Take the lines from the one containing "Matte Chic Lip Lacquer_3" through the final line below and restate them exactly. Omit the pictures.

++++ Data for analysis

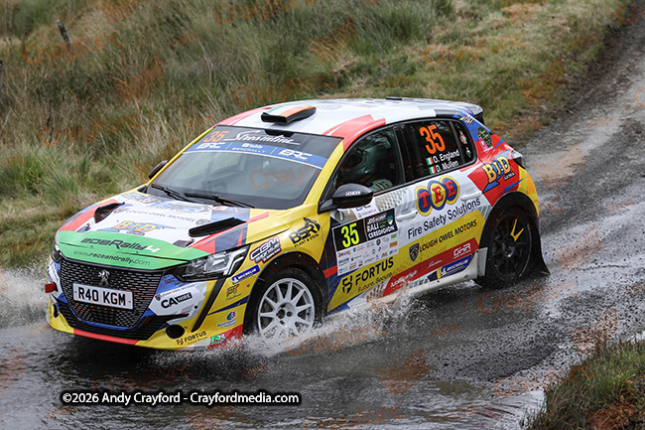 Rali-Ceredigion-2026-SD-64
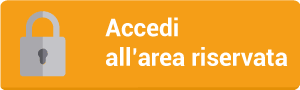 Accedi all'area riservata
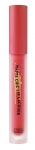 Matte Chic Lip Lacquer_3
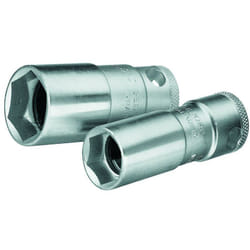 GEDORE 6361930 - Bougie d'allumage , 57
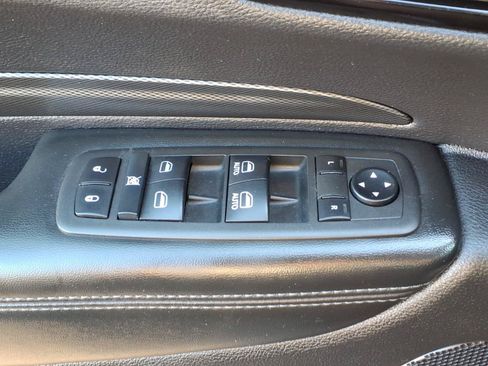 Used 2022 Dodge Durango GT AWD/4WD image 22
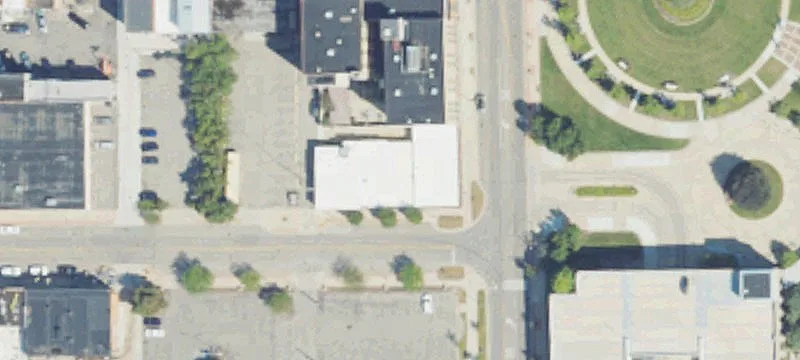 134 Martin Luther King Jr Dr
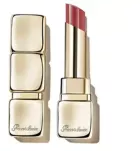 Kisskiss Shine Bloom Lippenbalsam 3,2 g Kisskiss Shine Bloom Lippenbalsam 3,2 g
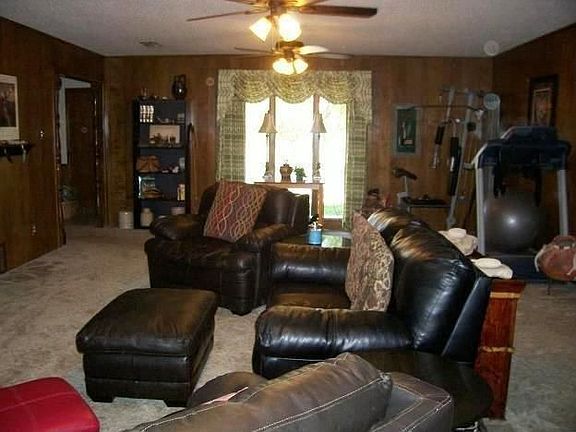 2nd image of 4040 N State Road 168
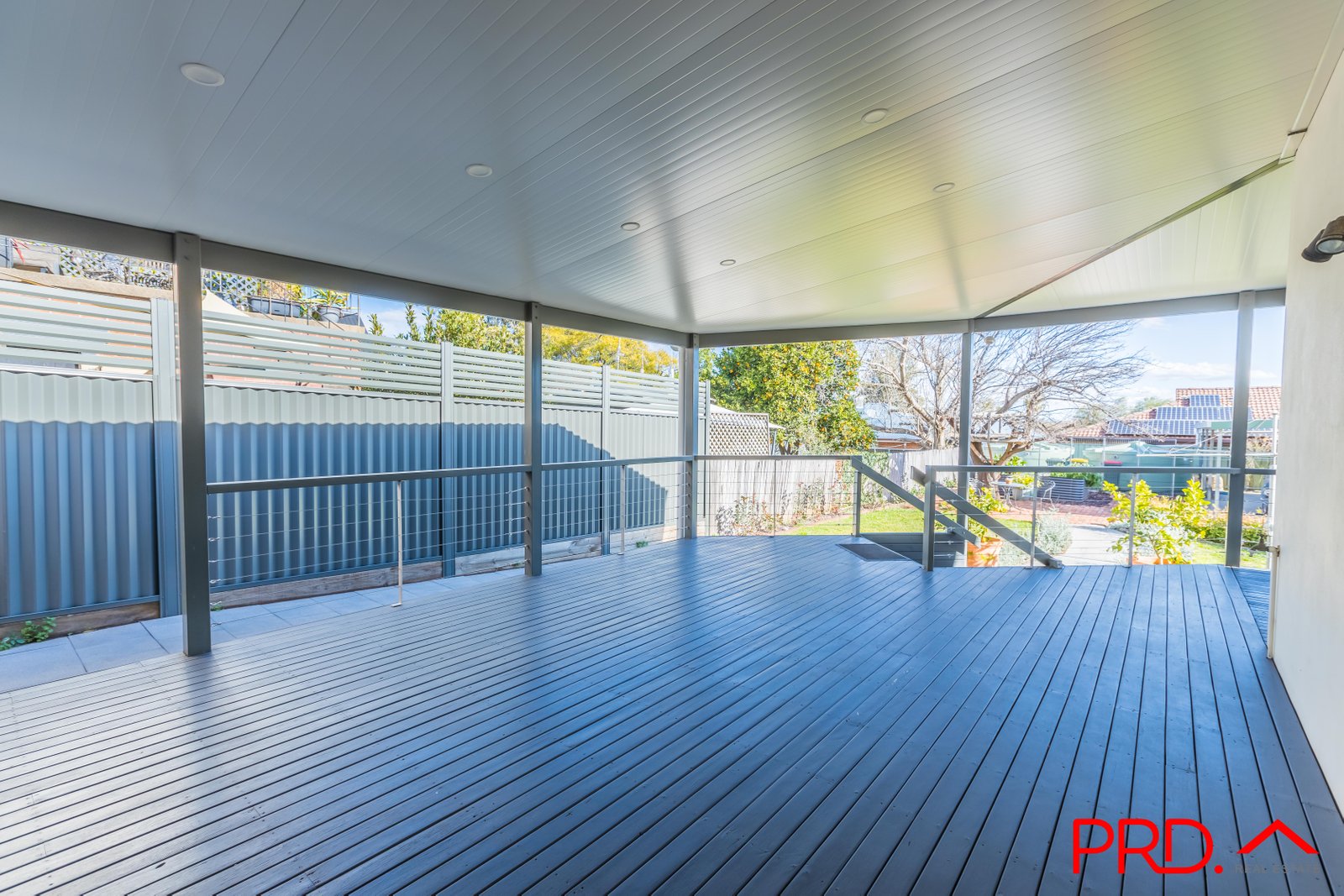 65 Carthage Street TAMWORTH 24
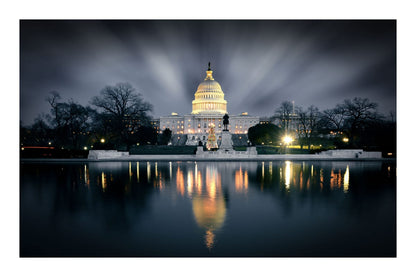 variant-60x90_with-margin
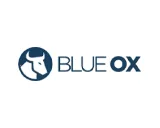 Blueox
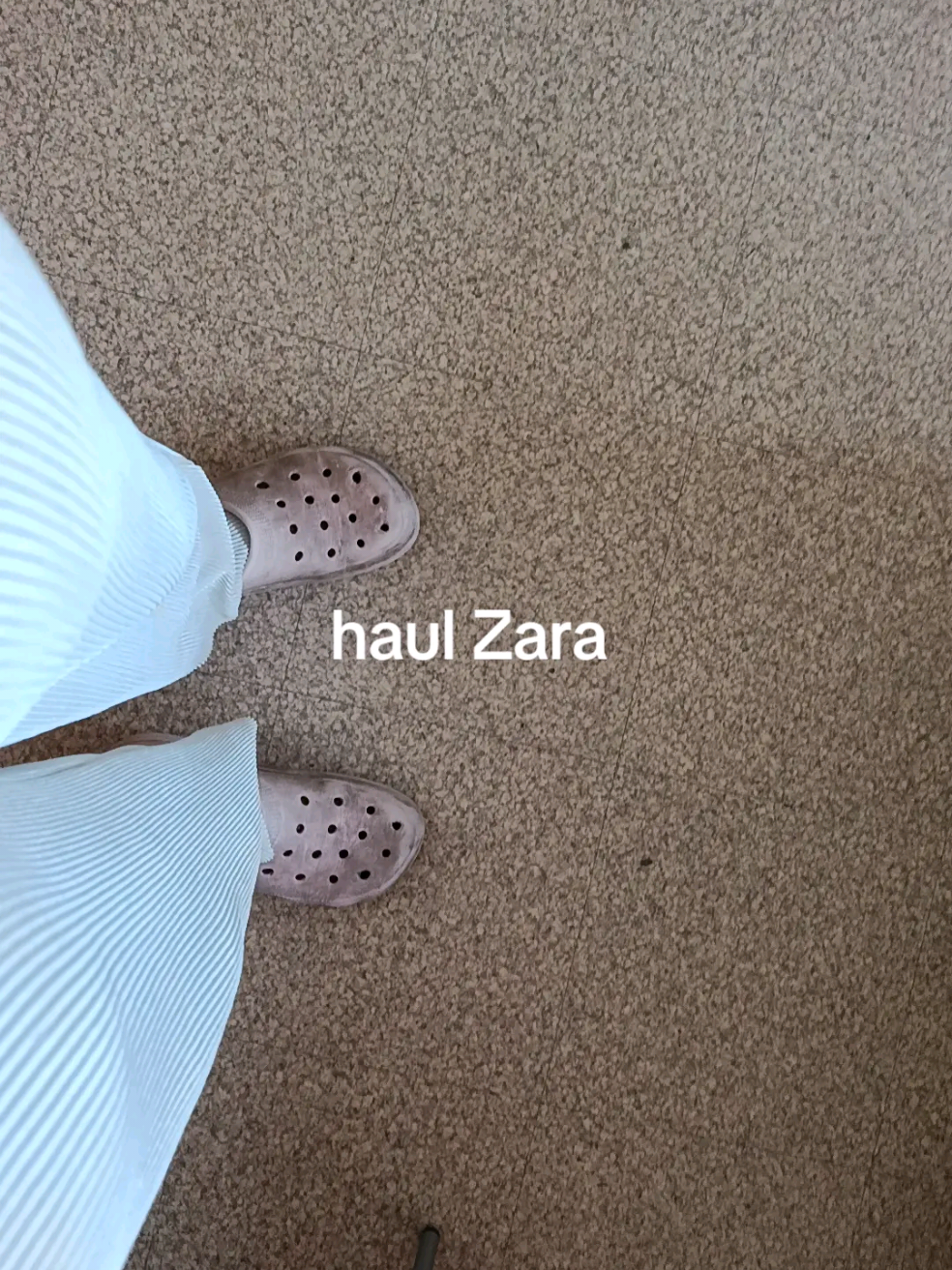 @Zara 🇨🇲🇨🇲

++++++++

### [Exercise answer]
 Matte Chic Lip Lacquer_3
 GEDORE 6361930 - Bougie d'allumage , 57
 Used 2022 Dodge Durango GT AWD/4WD image 22
 134 Martin Luther King Jr Dr
 Kisskiss Shine Bloom Lippenbalsam 3,2 g Kisskiss Shine Bloom Lippenbalsam 3,2 g
 2nd image of 4040 N State Road 168
 65 Carthage Street TAMWORTH 24
 variant-60x90_with-margin
 Blueox
 @Zara 🇨🇲🇨🇲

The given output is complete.